The price-tag for a 173-acre Port of Los Angeles freight terminal upgrade has doubled in just four years, from $245 million to $510 million. And the design changes that ballooned the cost were made without the knowledge of the LA City Council. Despite council concerns, members ratified the revised costs.
So the question is whether this represents a complete lack of accountability. Who is the person, or people, who just kept spending money before its even approved?
Apparently, there was information about those design changes — and how much more it was going to cost — but it was never given to city officials or council members. And is there a connection between these added costs, the missing information and the resignation of Geraldine Knatz, the city’s Port Director?
The LA Department of Water and Power has cut off funds to two affiliated nonprofits after questions surfaced about how they spent more than $40 million in ratepayer money. These groups were supposed to improve relations between management and labor after a series of job cuts in the late 1990s.

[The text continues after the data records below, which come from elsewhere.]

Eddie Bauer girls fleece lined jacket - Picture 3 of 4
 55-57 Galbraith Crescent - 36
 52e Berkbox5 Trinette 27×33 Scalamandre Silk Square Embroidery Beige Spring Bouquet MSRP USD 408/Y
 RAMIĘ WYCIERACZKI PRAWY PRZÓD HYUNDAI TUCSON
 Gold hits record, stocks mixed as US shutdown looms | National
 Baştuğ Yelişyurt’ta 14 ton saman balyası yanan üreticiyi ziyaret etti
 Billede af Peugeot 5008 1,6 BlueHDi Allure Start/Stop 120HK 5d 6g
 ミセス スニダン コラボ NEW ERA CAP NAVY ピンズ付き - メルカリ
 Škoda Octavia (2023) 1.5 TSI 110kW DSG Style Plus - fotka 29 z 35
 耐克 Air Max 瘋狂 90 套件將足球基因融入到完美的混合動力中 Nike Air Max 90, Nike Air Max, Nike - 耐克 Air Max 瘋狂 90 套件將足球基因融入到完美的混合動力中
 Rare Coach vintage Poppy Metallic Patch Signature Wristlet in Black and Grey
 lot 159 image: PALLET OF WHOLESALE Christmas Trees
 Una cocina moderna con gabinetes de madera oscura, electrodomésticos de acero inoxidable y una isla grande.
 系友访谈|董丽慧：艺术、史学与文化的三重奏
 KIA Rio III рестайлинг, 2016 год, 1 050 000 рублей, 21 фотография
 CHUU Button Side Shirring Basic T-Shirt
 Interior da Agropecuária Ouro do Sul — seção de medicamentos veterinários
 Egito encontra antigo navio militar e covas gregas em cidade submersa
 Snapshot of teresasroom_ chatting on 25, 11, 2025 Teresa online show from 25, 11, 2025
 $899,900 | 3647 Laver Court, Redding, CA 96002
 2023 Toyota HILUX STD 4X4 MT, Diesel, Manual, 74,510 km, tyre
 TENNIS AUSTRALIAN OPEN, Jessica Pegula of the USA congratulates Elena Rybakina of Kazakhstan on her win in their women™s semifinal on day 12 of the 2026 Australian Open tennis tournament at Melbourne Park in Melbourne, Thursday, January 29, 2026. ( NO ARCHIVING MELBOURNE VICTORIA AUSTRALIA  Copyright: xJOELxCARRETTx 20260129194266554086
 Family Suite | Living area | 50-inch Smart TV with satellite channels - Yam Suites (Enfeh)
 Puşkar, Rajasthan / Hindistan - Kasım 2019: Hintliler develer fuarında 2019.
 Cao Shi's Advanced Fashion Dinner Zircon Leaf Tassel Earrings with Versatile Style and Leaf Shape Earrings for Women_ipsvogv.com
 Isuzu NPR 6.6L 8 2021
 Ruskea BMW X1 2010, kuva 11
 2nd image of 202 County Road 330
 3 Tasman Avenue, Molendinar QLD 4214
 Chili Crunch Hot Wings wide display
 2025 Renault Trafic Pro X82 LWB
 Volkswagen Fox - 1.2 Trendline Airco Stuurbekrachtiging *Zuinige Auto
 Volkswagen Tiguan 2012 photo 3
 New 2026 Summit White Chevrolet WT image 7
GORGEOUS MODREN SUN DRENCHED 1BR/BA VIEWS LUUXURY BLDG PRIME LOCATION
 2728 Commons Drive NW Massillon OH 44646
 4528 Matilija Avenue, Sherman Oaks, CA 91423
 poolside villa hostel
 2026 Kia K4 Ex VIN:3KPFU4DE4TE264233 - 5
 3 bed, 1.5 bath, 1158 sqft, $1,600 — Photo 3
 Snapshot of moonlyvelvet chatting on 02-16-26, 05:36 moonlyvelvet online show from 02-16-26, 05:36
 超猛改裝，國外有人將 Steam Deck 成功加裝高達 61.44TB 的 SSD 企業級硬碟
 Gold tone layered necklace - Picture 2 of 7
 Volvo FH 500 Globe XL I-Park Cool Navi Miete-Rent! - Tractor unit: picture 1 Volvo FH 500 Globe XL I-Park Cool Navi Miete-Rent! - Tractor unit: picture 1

DWP head Ron Nichols and the head of DWP’s biggest employees union, Bryan D’Arcy, are co-chairs of this. And there is still little information about how any of that money was spent. Meanwhile, today, D’Arcy accused the DWP of sending out inaccurate bills because of a flawed software system that’s been in place since September.
Once again, the LA Unified School District is acknowledging that its campaign to equip every student and teacher with an iPad will cost more than they first disclosed.
The latest revelation involves licensed software.
District officials say English and math curriculum on the district’s iPads will expire after three years.
The LA Times reports that it will cost between $50 and $100 each year, per iPad, which could boost expenses by as much as $60 million a year. Which begs the question: Aren’t we paying more for these iPads for teachers and kids than we would for, say, ourselves at the Apple Store or Best Buy?